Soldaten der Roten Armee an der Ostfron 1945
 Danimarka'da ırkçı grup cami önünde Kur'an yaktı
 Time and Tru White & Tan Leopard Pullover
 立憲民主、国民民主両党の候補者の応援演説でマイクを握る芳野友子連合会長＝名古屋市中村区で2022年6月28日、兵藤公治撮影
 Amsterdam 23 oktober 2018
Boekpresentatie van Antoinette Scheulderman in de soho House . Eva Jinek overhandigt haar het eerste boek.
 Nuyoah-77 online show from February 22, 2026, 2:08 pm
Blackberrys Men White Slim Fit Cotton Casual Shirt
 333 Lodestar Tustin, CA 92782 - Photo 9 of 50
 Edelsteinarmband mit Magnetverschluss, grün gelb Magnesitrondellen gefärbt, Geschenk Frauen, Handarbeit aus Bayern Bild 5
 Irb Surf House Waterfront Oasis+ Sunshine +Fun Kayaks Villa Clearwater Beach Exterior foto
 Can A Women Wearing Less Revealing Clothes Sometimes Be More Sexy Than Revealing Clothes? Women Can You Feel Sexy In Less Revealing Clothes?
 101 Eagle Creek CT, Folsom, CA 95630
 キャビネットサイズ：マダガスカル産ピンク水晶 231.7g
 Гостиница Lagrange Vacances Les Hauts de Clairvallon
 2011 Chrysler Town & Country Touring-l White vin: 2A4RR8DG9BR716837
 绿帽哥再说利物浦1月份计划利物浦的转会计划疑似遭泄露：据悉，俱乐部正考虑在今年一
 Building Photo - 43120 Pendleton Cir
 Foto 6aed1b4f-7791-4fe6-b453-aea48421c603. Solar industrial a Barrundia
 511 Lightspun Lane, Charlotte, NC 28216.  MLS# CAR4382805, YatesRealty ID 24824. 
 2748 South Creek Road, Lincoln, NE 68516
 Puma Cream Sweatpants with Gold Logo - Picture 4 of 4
+---+
## Assignment
Print, exactly and only, the lines running from the one with "2748 South Creek Road, Lincoln, NE 68516" to the end of the data above.

## Reply
 2748 South Creek Road, Lincoln, NE 68516
 Puma Cream Sweatpants with Gold Logo - Picture 4 of 4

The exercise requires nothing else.